Kasus Khashoggi, Batu Ujian Keseriusan HAM Barat
-
Putera Mahkota Arab Saudi, Mohammad bin Salman dan Jamal Khashoggi
Negara-negara Barat, terutama AS yang mengklaim sebagai pengibar bendera hak asasi manusia selama ini menuding negara lain, yang dipandang tidak sejalan dengan kepentingannya, melanggar HAM. Tapi pada saat yang sama membiarkan negara yang dianggap sebagai mitranya melakukan pelanggaran HAM. Masalah ini menjadi batu ujian bagi keseriusan Barat dalam penegakkan hak asasi manusia.
Arab Saudi sebagai mitra penting AS di Timur Tengah merupakan konsumen senjata dan alutsista terbesar AS dan negara barat lainnya. Rezim Al Saud juga memainkan peran penting dalam ekspor minyak mentah dan investasi di blok Barat.
Tampaknya, masalah tersebut menjadi salah satu faktor utama AS dan negara-negara Barat tidak pernah serius mempersoalkan masalah penegakkan hak asasi manusia di Arab Saudi. Padahal selama ini begitu banyak pelanggaran HAM yang dilakukan rezim Al Saud terhadap rakyatnya sendiri dan negara lain.
Kementerian luar negeri AS setiap tahun mengeluarkan laporan mengenai penegakkan hak asasi manusia di berbagai negara dunia, terutama di negara-negara yang selama ini dipandang sebagai rival AS. Tapi ironisnya, laporan tersebut mengabaikan pelanggaran hak asasi manusia di negara-negara mitra Gedung Putih seperti Arab Saudi.

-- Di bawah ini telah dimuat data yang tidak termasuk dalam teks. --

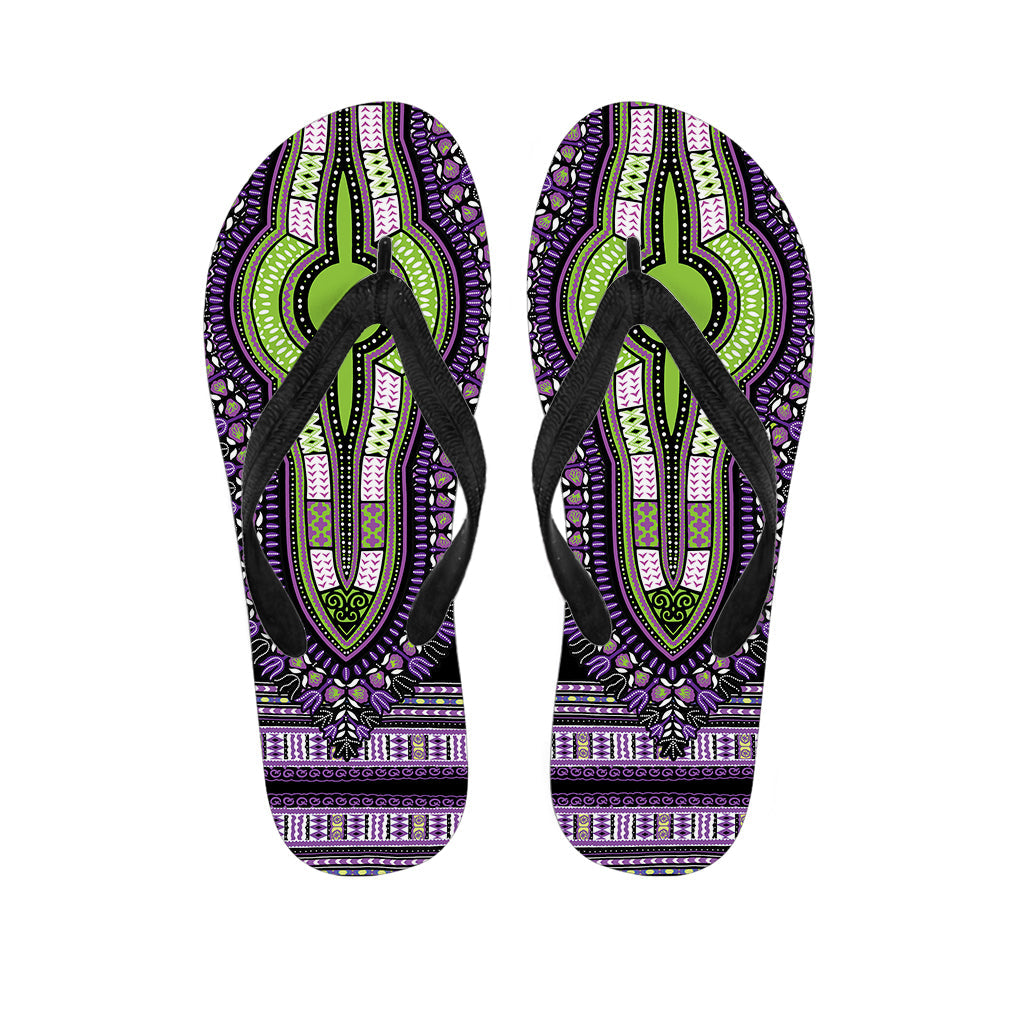 Black and Purple Hawaiian Dashiki Print Flip Flops: Embrace Classic Island Style! - 1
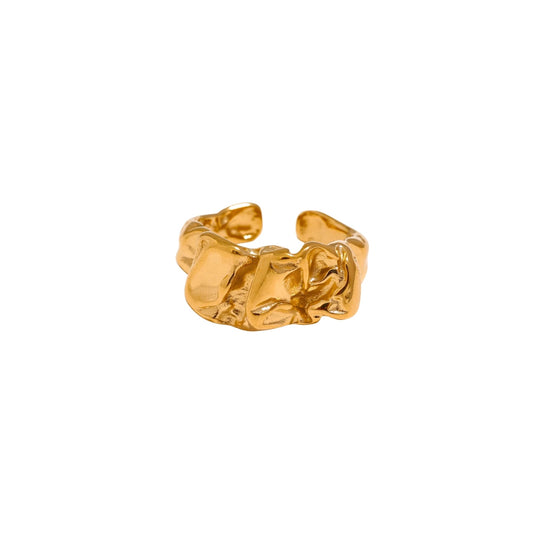 Gold thick irregular ring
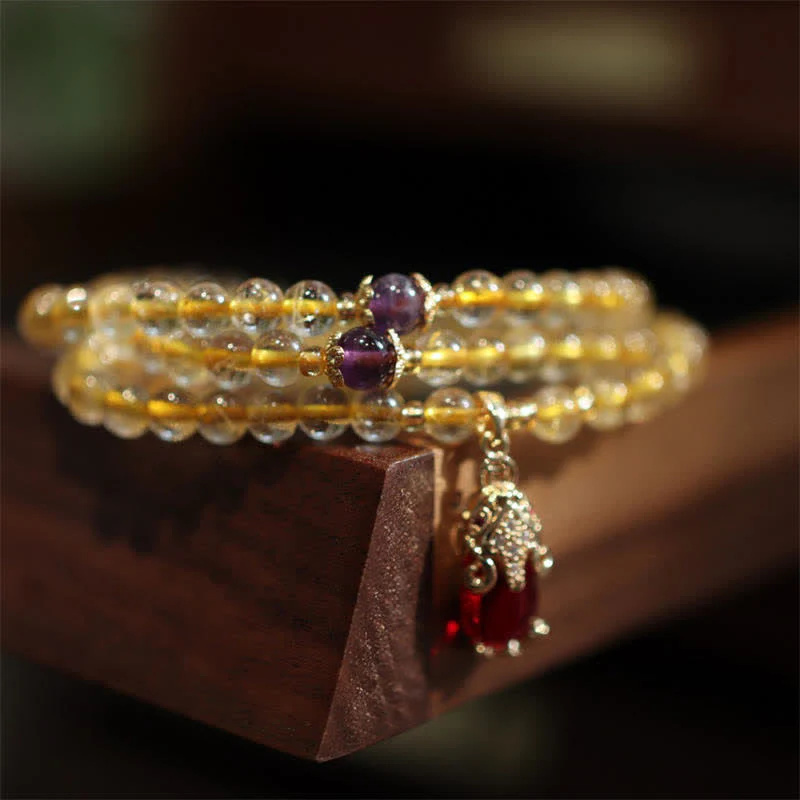 Mocoer Citrine Amethyst PiXiu Prosperity Happiness Protection Bracelet - Mocoer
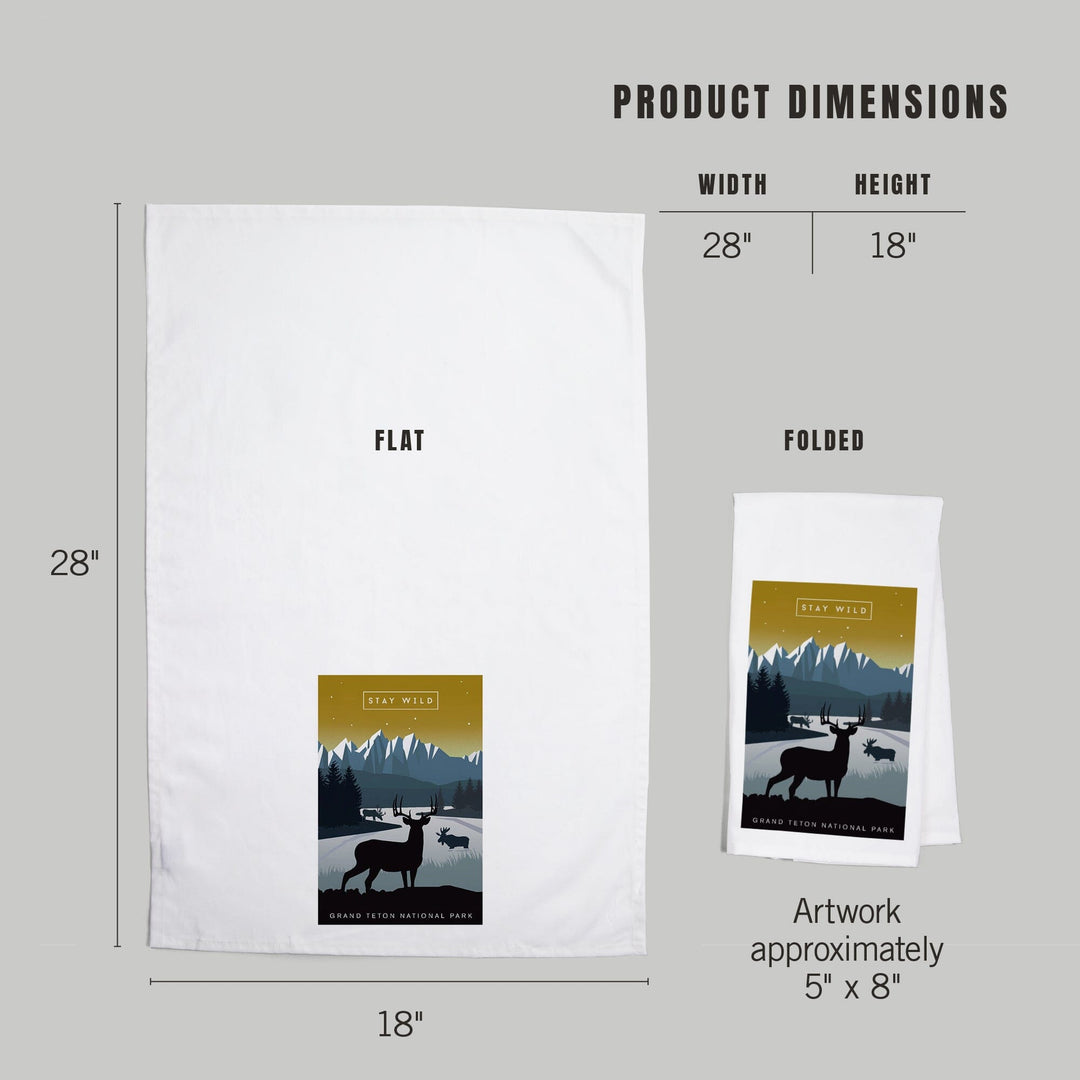 Grand Teton National Park, Wyoming, Animal Silhouettes, Yellow and Blue, Organic Cotton Kitchen Tea Towels Kitchen Lantern Press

Salah satu masalah terpenting yang menjadi perhatian publik dunia saat ini adalah hilangnya jurnalis oposan rezim Al Saud, Jamal Khashoggi di konsulat Arab Saudi di Istanbul.
Pada 2 Oktober lalu, Jamal Khashoggi mengunjungi Konsulat Arab Saudi di Istanbul untuk mendaftarkan pernikahan dengan Khadija Genghis di catatan sipil negaranya, tapi ia tidak pernah keluar dari gedung diplomatik itu. Sontak masalah ini memicu rumor mengenai tewasnya jurnalis oposan rezim Al Saud tersebut di konsulat Arab Saudi di Istanbul. Para pemimpin negara-negara dunia menyerukan investigasi terhadap masalah ini dan transparansi dari pihak Arab Saudi.

Para pejabat tinggi negara-negara Eropa, dan Uni Eropa, serta Kanada, dan AS mengecam aksi pelanggaran hak asasi manusia yang menimpa Jamal Khashoggi dan menyerukan transparansi masalah tersebut.
Kepala Kebijakan Luar Negeri Uni Eropa, Federica Mogherini menyerukan supaya pemerintah Arab Saudi melakukan investigasi terhadap kasus hilangnya Khashoggi. Mogherini menegaskan dukungan penuh Uni Eropa terhadap pernyataan Menlu AS, Mike Pompeo yang meminta Riyadh melakukan penyelidikan terhadap kasus Khashoggi.
"Kami sepenuhnya mendukung sikap AS dan kini menanti investigasi yang transparan dilakukan oleh pejabat Arab Saudi," ujar Mogherini baru-baru ini.
Statemen pejabat tinggi kebijakan luar negeri Uni Eropa yang mendukung sikap AS dalam masalah hilangnya Khashoggi kembali menunjukkan pandangan yang sama antara dua sekutu pendukung rezim Al Saud ini.
Para pejabat tinggi AS selama beberapa hari belakangan ini menyampaikan kekhawatirannya dan menyerukan investigasi terhadap kasus Khashoggi, yang juga memiliki green card AS dan tinggal di Virginia AS. Presiden AS, Donald Trump dalam reaksi pertamanya menyampaikan kekhawatiran atas hilangnya Khashoggi. Wakil Presiden AS, Mike Pence mengungkapkan, dunia yang bebas memiliki hak untuk mendengar jawaban dari masalah ini.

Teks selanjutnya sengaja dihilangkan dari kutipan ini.